> What is being asked: Set out exactly every line of the entries below, starting at the line that holds "Once I've got" and stopping after the line that holds "Once it's done, take".

> Material provided:
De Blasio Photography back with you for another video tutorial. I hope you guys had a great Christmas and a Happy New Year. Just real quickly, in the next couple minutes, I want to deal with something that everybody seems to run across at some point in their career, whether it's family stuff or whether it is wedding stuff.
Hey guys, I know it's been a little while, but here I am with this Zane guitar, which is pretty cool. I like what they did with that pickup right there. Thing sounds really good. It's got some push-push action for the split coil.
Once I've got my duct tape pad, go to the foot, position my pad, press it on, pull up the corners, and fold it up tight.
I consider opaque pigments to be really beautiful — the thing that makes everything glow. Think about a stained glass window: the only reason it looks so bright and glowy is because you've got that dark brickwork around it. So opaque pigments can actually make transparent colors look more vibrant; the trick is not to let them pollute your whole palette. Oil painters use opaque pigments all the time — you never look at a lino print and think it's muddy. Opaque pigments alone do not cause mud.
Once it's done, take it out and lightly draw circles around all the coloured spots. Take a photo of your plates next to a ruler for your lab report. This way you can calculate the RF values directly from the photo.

...

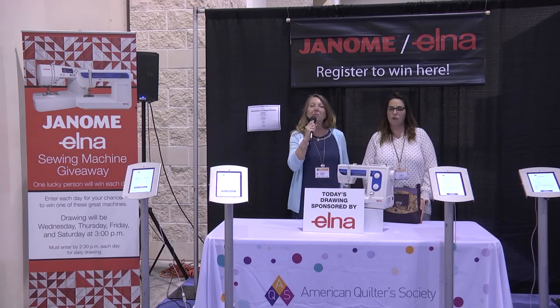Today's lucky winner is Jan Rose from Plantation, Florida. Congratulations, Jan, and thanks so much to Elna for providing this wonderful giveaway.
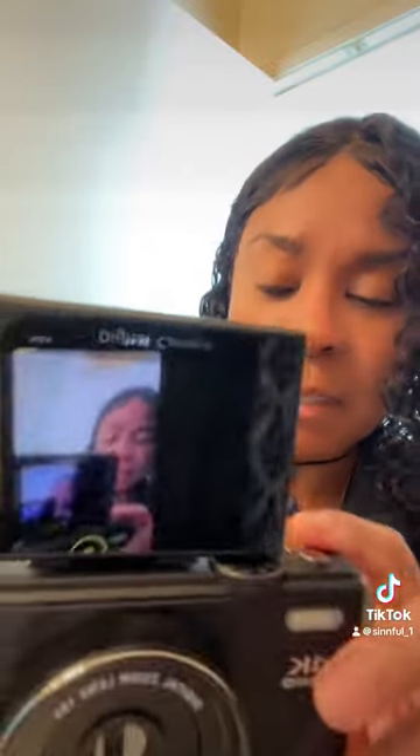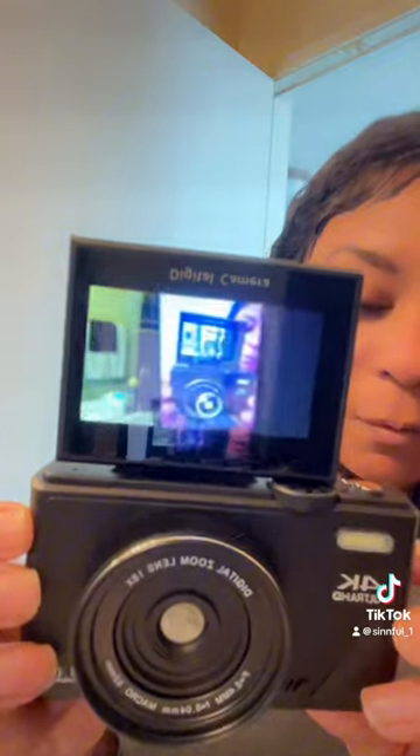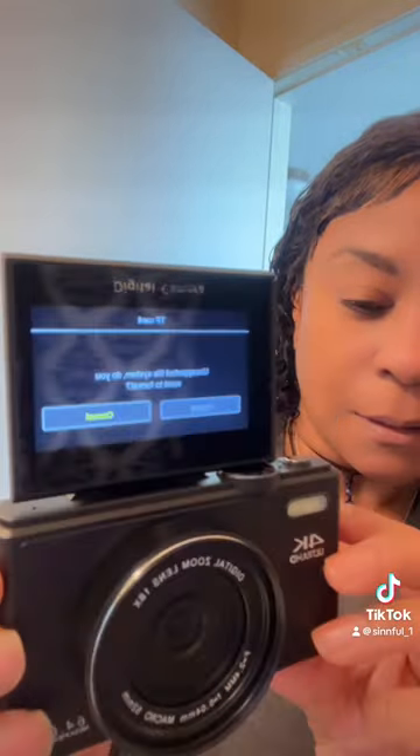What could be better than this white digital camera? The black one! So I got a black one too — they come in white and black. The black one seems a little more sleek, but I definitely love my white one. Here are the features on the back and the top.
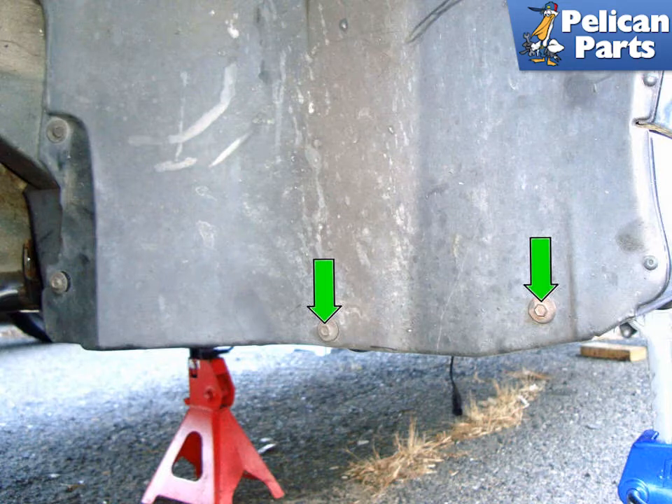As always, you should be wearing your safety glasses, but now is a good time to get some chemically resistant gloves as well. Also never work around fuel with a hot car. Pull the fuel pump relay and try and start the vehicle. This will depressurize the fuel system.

* * *

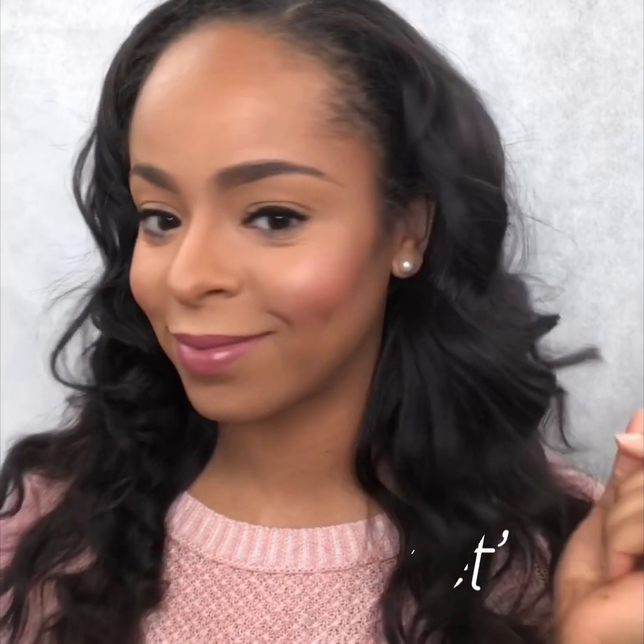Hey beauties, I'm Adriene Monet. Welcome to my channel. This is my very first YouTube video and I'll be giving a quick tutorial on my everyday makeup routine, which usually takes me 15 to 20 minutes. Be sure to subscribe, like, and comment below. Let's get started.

> Answer box:
Once I've got my duct tape pad, go to the foot, position my pad, press it on, pull up the corners, and fold it up tight.
I consider opaque pigments to be really beautiful — the thing that makes everything glow. Think about a stained glass window: the only reason it looks so bright and glowy is because you've got that dark brickwork around it. So opaque pigments can actually make transparent colors look more vibrant; the trick is not to let them pollute your whole palette. Oil painters use opaque pigments all the time — you never look at a lino print and think it's muddy. Opaque pigments alone do not cause mud.
Once it's done, take it out and lightly draw circles around all the coloured spots. Take a photo of your plates next to a ruler for your lab report. This way you can calculate the RF values directly from the photo.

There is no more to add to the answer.